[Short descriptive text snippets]
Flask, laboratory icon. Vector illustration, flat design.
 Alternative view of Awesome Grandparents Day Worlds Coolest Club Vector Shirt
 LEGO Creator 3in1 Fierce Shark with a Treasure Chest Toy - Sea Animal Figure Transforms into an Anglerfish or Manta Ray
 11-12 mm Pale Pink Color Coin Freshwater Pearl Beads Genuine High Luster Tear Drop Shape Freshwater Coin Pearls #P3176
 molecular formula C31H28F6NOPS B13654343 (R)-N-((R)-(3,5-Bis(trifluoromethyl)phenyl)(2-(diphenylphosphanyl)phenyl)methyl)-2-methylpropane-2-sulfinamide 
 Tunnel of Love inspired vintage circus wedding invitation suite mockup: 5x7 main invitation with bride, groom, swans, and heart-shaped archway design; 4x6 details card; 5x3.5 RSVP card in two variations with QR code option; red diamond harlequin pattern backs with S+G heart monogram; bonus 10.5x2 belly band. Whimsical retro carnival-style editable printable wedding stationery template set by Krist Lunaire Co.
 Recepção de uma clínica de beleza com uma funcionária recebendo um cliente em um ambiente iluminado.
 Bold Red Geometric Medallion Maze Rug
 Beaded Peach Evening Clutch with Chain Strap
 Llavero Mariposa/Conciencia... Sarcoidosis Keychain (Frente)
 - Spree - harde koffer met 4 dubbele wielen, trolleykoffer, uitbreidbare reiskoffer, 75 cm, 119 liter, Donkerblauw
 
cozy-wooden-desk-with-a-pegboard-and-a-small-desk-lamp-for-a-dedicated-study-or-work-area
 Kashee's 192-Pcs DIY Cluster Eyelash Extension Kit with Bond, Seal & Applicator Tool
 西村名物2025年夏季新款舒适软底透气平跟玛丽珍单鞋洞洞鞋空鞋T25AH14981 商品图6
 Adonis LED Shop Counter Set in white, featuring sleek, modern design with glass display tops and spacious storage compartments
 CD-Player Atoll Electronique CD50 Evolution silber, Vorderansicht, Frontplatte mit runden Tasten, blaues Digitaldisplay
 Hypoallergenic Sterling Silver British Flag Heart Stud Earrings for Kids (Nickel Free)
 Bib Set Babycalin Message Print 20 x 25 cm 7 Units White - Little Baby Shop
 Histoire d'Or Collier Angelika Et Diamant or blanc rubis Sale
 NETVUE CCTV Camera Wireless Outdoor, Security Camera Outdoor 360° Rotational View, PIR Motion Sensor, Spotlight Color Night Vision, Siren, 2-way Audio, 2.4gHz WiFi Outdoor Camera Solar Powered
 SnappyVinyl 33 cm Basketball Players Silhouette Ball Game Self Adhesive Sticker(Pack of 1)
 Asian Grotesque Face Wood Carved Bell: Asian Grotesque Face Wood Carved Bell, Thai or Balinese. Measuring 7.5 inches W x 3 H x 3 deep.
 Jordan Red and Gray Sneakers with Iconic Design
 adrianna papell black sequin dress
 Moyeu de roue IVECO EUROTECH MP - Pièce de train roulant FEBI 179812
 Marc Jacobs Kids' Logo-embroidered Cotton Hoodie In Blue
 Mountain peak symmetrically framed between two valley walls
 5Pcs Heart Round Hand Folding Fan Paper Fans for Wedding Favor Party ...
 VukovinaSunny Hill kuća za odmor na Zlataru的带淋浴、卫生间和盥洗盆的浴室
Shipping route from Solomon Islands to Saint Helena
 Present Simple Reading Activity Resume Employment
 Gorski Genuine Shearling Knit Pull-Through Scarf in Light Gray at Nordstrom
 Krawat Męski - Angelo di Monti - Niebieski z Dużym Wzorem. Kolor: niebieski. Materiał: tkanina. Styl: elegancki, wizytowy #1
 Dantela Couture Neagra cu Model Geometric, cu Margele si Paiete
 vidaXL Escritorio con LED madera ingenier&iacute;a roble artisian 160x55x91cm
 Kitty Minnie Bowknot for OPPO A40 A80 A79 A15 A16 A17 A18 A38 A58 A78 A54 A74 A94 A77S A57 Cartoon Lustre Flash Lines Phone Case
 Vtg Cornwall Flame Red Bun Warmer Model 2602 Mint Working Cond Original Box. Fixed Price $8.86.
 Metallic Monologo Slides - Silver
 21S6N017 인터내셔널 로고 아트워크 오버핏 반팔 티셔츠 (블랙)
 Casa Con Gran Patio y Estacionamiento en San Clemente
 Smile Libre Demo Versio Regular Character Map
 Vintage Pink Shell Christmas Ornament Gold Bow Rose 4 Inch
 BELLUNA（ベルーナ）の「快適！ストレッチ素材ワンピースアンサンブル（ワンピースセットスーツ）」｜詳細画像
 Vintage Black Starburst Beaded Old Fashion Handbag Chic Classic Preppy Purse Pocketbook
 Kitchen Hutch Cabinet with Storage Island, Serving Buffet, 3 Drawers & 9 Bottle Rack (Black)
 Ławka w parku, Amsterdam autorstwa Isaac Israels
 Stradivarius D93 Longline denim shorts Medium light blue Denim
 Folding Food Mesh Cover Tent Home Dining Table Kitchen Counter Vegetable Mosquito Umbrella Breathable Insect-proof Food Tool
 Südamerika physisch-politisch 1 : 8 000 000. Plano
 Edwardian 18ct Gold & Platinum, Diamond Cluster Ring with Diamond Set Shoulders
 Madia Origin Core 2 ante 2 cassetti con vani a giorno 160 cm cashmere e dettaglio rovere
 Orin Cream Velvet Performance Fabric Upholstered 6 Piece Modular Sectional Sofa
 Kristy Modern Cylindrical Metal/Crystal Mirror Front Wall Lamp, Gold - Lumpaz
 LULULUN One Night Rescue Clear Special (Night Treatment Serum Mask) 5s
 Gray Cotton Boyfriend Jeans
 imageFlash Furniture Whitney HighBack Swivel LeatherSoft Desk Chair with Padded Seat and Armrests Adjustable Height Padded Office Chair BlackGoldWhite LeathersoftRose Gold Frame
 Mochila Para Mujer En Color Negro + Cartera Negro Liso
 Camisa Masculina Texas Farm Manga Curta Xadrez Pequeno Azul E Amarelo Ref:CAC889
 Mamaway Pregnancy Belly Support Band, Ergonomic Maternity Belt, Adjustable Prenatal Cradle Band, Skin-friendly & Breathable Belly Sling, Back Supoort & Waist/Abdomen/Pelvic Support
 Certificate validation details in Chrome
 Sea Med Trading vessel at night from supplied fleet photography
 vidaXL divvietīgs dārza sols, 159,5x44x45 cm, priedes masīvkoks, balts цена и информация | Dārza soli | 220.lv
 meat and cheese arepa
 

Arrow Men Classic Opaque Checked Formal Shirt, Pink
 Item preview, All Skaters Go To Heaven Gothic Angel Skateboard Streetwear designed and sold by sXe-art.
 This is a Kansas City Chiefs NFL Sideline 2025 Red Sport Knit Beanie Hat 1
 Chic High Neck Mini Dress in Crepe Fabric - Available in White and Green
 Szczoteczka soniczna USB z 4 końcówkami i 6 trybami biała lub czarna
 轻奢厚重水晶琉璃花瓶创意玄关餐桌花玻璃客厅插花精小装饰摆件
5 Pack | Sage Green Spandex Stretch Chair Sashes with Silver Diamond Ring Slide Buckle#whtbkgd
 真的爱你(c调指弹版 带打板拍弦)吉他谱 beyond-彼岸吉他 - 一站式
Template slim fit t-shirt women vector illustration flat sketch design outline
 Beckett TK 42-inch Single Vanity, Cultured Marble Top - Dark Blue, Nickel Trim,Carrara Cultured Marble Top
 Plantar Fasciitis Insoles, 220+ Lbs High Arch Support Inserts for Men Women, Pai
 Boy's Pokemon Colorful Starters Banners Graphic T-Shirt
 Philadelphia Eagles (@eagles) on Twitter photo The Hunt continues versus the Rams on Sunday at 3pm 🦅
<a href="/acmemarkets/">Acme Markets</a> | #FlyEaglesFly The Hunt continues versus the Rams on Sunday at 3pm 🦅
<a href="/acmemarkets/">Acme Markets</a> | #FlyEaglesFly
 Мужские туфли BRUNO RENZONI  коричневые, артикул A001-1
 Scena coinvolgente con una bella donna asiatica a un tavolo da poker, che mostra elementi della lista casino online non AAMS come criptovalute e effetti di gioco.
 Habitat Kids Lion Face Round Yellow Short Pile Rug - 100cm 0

#### Work order
Only one stretch of the entries above is wanted: the lines from the one containing "5 Pack | Sage" through the one containing "Template slim fit". Please reproduce it exactly.

#### Written reply
5 Pack | Sage Green Spandex Stretch Chair Sashes with Silver Diamond Ring Slide Buckle#whtbkgd
 真的爱你(c调指弹版 带打板拍弦)吉他谱 beyond-彼岸吉他 - 一站式
Template slim fit t-shirt women vector illustration flat sketch design outline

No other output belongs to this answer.